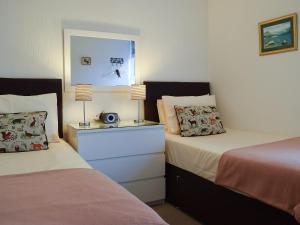 a bedroom with two beds and a night stand with a radio at Squirrel Cottage in Windermere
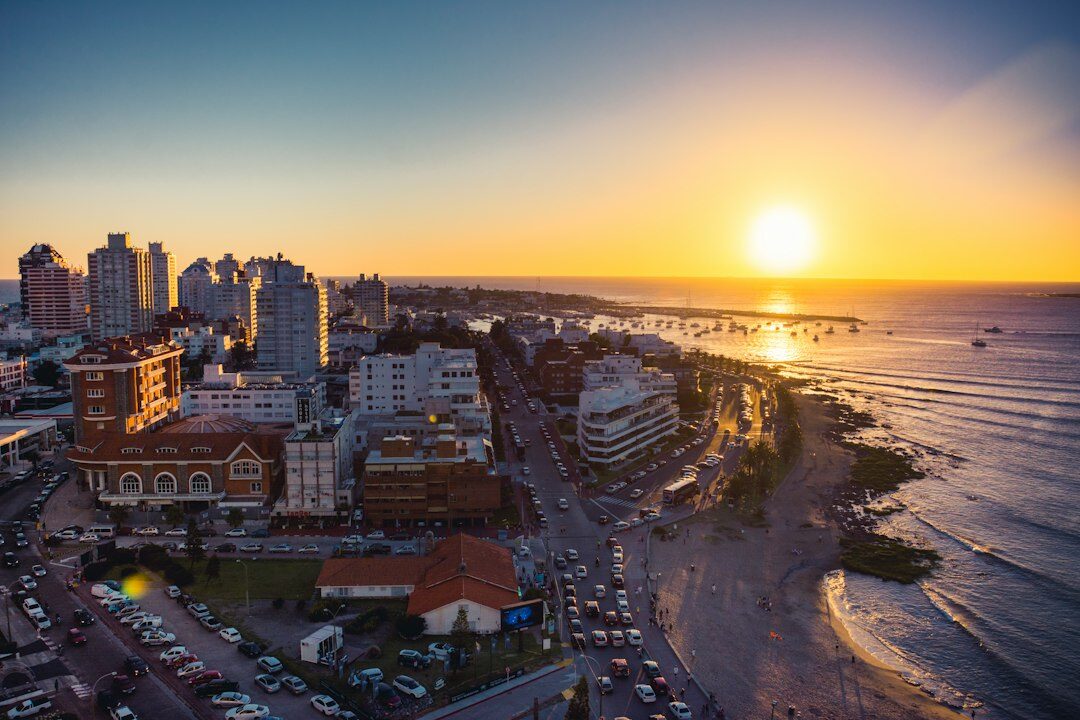 Group of classic convertibles parked along a beach promenade in Punta del Este in summer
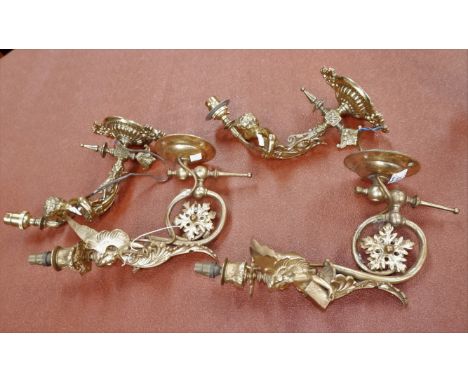 A pair of Edwardian gilt bronze wall light brackets set with female cherubs; a similar pair of wall lights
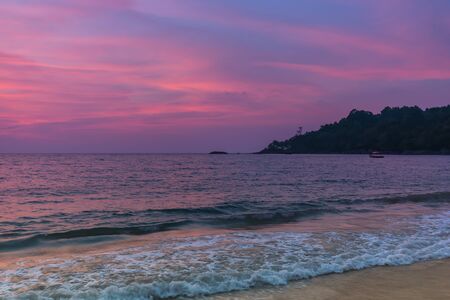 beautiful landscape with tropical sea sunset on the beachの写真素材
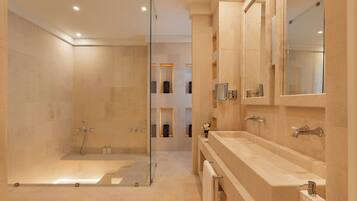 Une salle de bain moderne avec une douche à parois de verre, une grande baignoire et un meuble-lavabo avec un miroir.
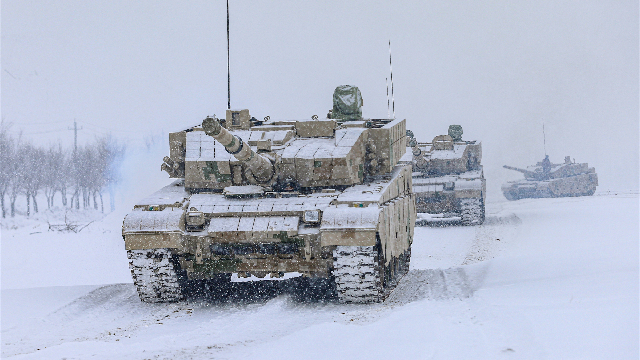 Main battle tanks rumble in snow-covered area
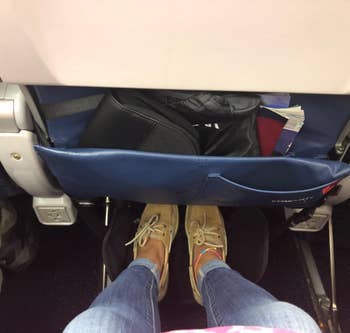 a reviewer using the footrest on an airplane 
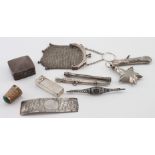 Mixed lot of ten silver items which includes a silver purse, small vesta, needle case, perfume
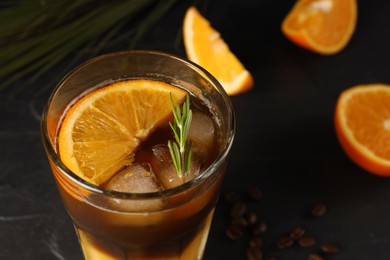 Photo of Tasty refreshing drink with coffee and orange juice on grey table, closeup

▶ TASK PROMPT
With the pictures left out, please output each line from the one containing "Mixed lot of" through the end of the entries, exactly as it is.

▶ SOLUTION TO THIS TASK
 Mixed lot of ten silver items which includes a silver purse, small vesta, needle case, perfume
 Photo of Tasty refreshing drink with coffee and orange juice on grey table, closeup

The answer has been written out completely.